*** Opening of Listed records ***

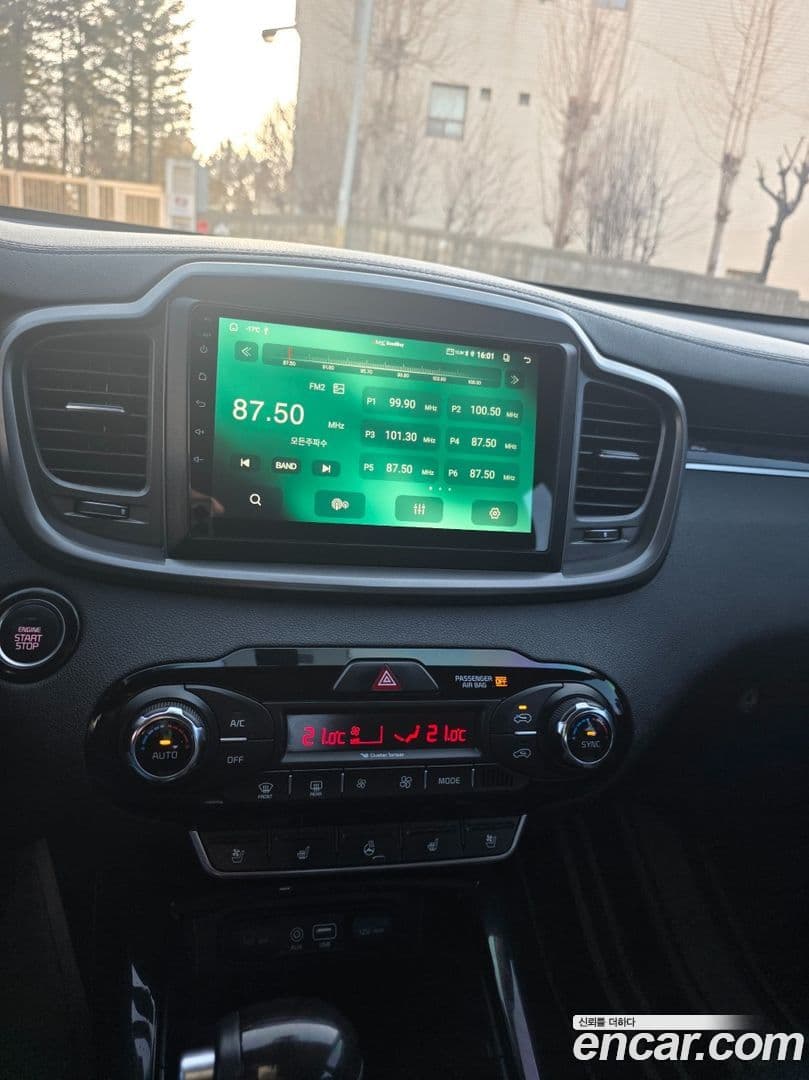 Main__Slider__Photo:Sorento Kia 2016.11-5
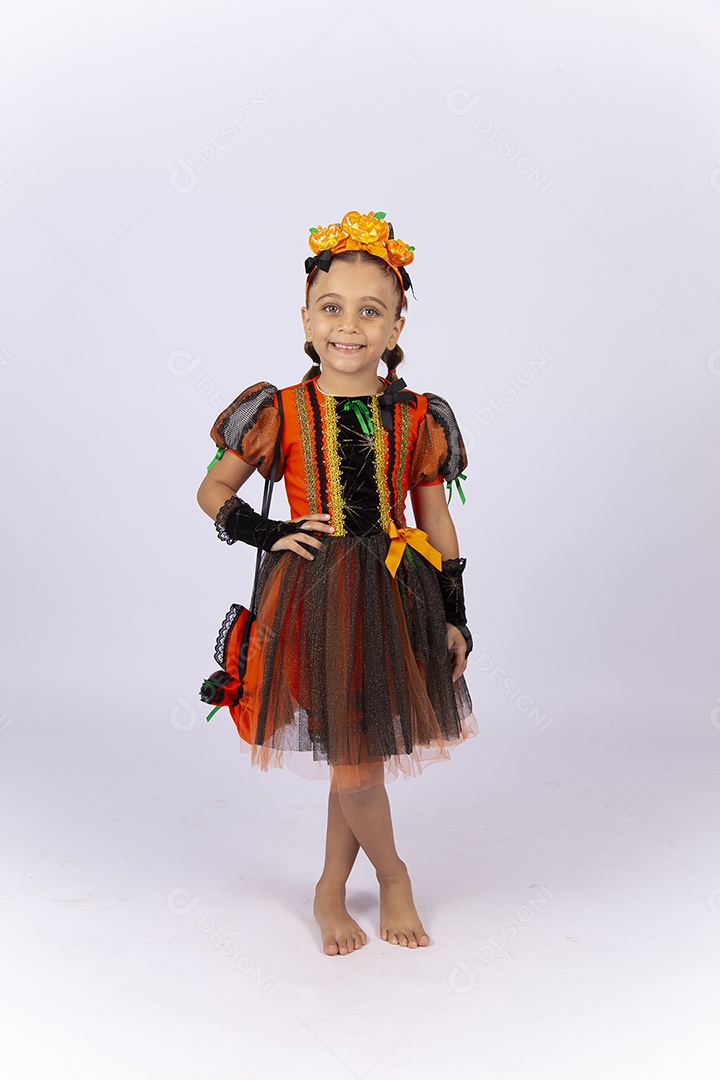 Linda menina fantasiada sobre um fundo isolado branco.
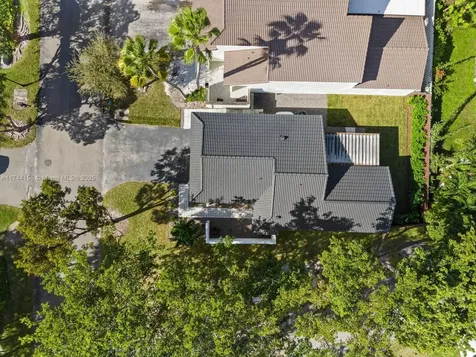 6301 NW 173rd Lane Hialeah FL 33015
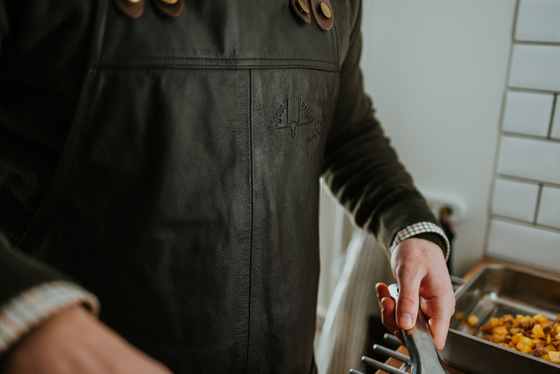 
SWEDTEAM, 
Bull Apron, 
Detail 7
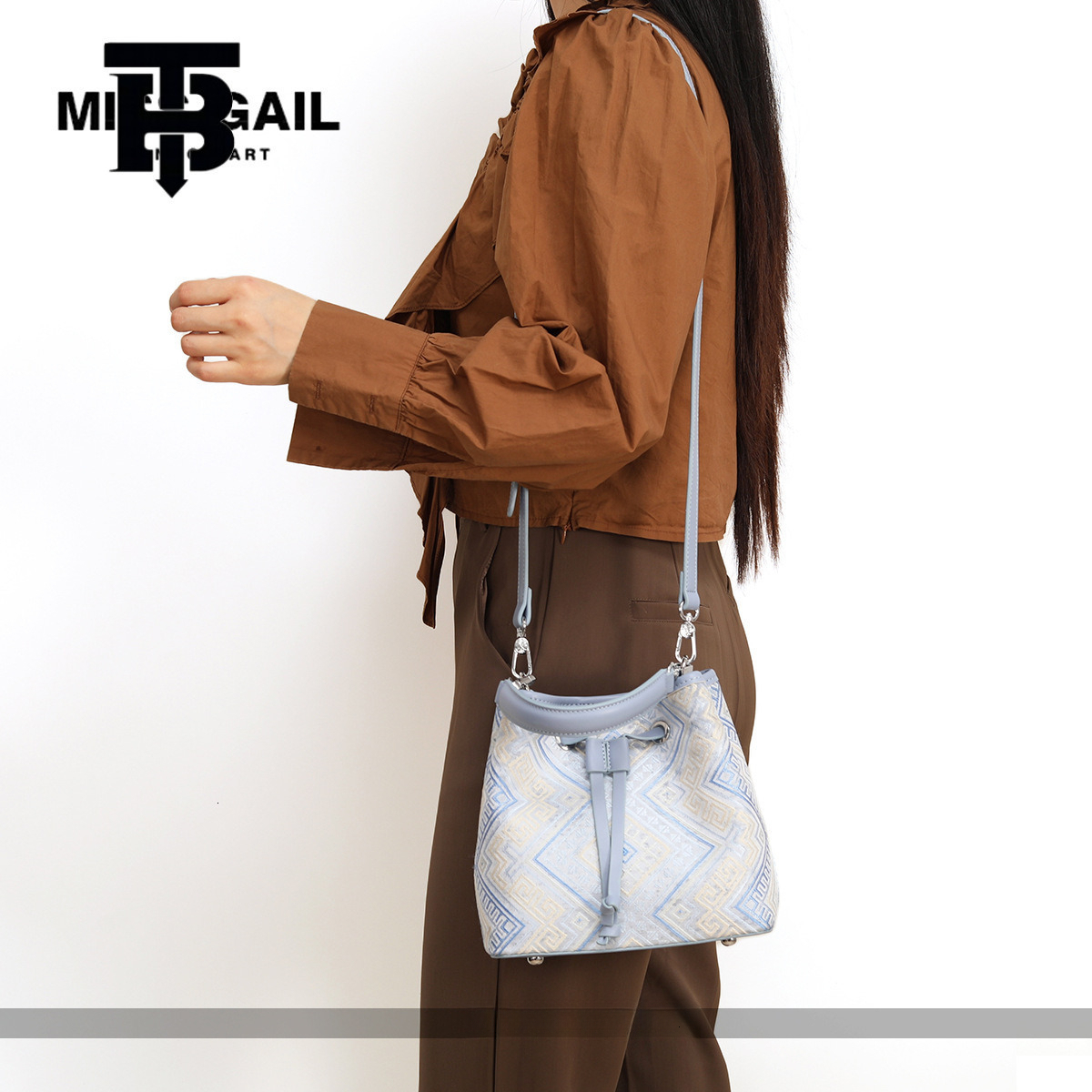 TB BHULAMTE Designer Bag High-end Ethnic Style Brocade Embroidery Handheld Bucket Bag For Women 2025 New Vintage Luxury Bag Single Shoulder Bag Versat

*** Close of Listed records ***

▸ **Exercise goal**
Please keep every line of the data the same when you reproduce it, and keep every picture out.

▸ **Result below**
 Main__Slider__Photo:Sorento Kia 2016.11-5
 Linda menina fantasiada sobre um fundo isolado branco.
 6301 NW 173rd Lane Hialeah FL 33015
SWEDTEAM, 
Bull Apron, 
Detail 7
 TB BHULAMTE Designer Bag High-end Ethnic Style Brocade Embroidery Handheld Bucket Bag For Women 2025 New Vintage Luxury Bag Single Shoulder Bag Versat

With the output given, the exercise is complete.